We have seen that the premise of one work can be casually referenced or even summarily dismissed in another work by the same author. For example, in Poul Anderson's The Avatar, the Betans can travel through space-time via T machines but cannot enter or intervene in their own history, unlike time criminals in the Time Patrol timeline. FTL is possible and extraterrestrial intelligences are abundant in some fictional universes although not in others. There are several alternative answers to the question whether conscious AI is possible. And so on. We appreciate such systematically alternative approaches in Poul Anderson's prolific output. We also find something similar in the works of the author whom I think of as paralleling Anderson, James Blish. 

In an early novel by Blish, Jack Of Eagles, ESP is scientifically rationalized and extensively deployed. Several later works by Blish present alternative rationales for ESP. However, in his Black Easter, a black magician, Theron Ware, says to a client, Baines:

"'Then you don't really believe in magic yet - only in ESP or some such nonsense.'"
-James Blish, Black Easter IN Blish, After Such Knowledge (London, 1991), pp. 319-425 AT p. 33.
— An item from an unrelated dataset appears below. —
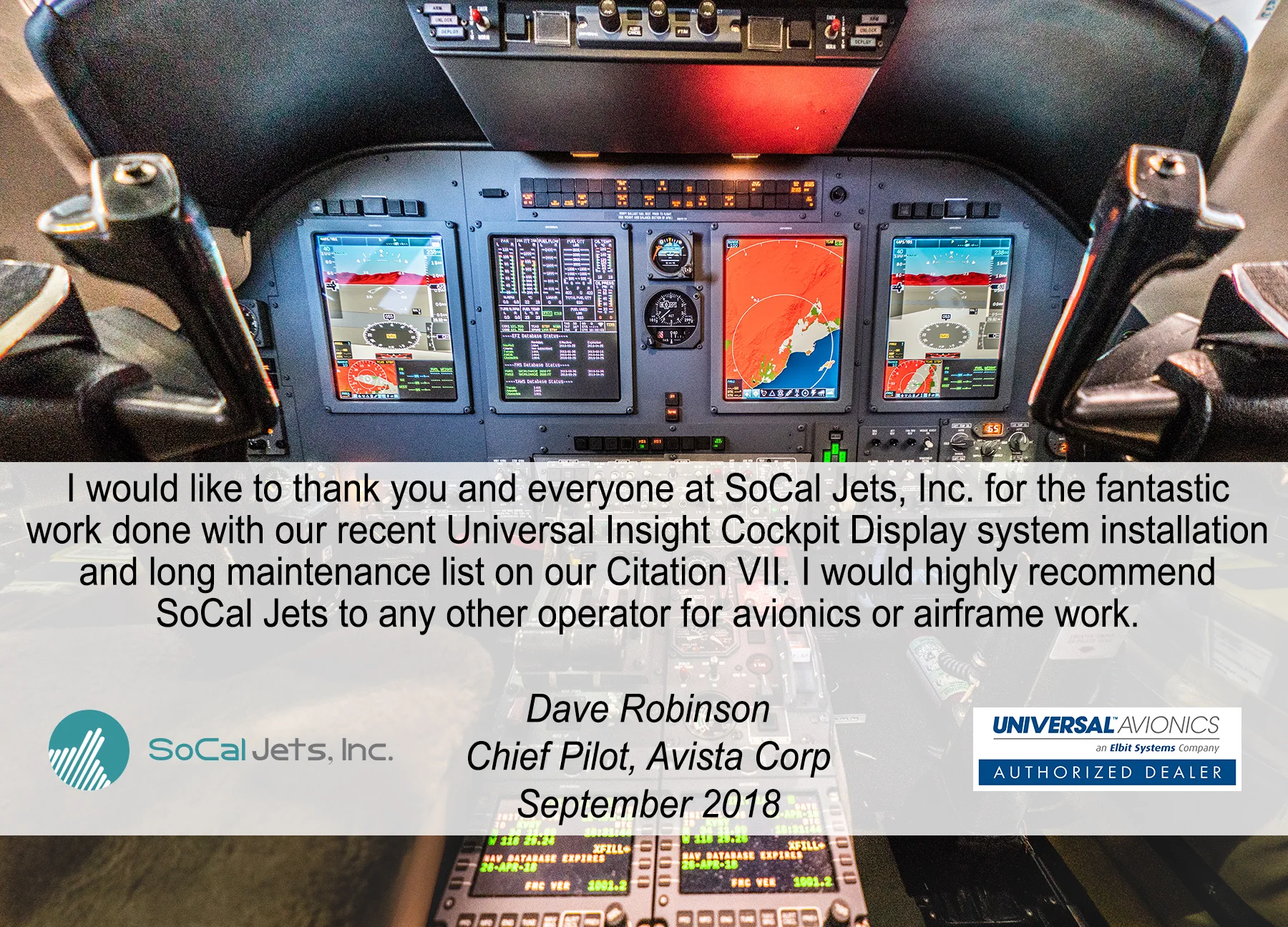 Universal Insight Cockpit Testimonial Piece.jpg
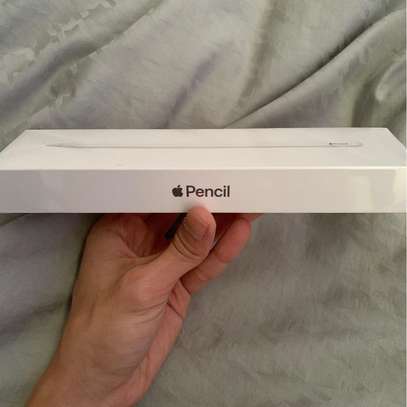 Apple Pencil (2nd Generation) image 3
When Baines' scientific advisor, Adolph Hess, compares black magic to flying saucers, Baines replies that the reasons for thinking that anyone has seen a saucer are pitiable whereas they have seen a demon. Thus, stories about alien visitations are dismissed. 

When travelling underground in a gravity-vacuum tube, Baines' personal assistant, Ginsberg, remarks that riding in such a thing makes it hard to believe in devils. Yes, hard sf and fantasy are usually light-years apart.